[Problem requirements] Would you repeat exactly the part of the listing below that runs from the line containing "Tommy Life Tommy" down to the line containing "Liberman: Aid trucks", inclusive, and nothing else?

Start of Recorded information

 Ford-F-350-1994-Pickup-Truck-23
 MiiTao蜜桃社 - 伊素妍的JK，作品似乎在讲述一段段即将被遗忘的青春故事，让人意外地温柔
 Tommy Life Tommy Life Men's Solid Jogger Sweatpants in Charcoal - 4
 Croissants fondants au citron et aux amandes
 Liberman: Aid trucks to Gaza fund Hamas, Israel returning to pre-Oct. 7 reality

End of Recorded information
Start of Recorded information

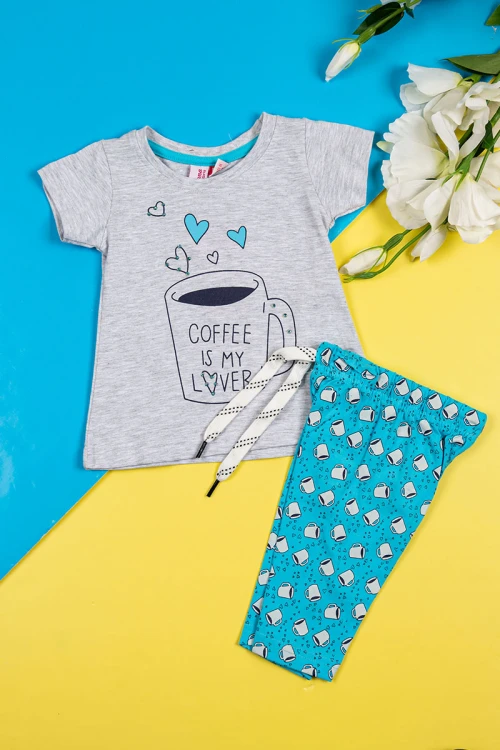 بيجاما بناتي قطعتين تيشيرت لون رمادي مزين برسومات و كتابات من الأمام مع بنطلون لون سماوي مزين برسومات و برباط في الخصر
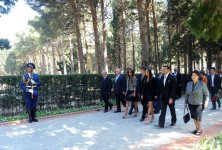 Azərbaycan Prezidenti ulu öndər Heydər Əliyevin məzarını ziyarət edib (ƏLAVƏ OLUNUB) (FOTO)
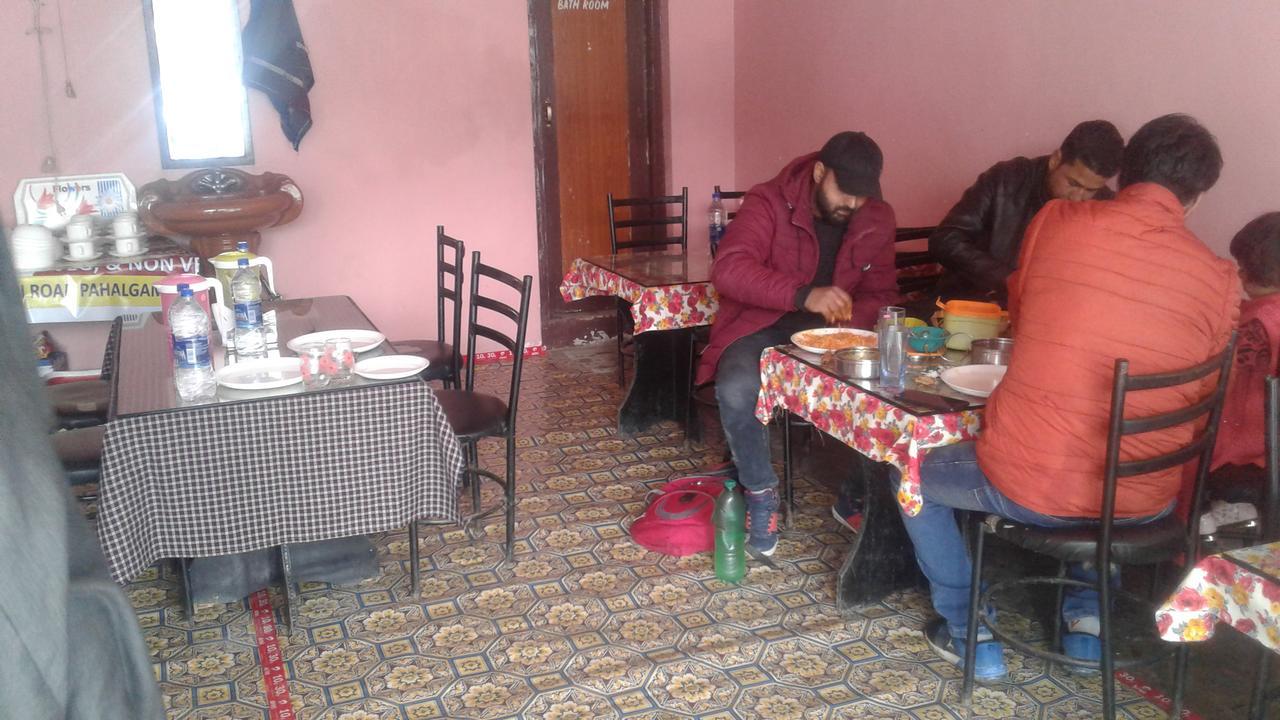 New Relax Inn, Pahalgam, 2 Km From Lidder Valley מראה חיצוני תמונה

End of Recorded information

[Expected answer]
 Tommy Life Tommy Life Men's Solid Jogger Sweatpants in Charcoal - 4
 Croissants fondants au citron et aux amandes
 Liberman: Aid trucks to Gaza fund Hamas, Israel returning to pre-Oct. 7 reality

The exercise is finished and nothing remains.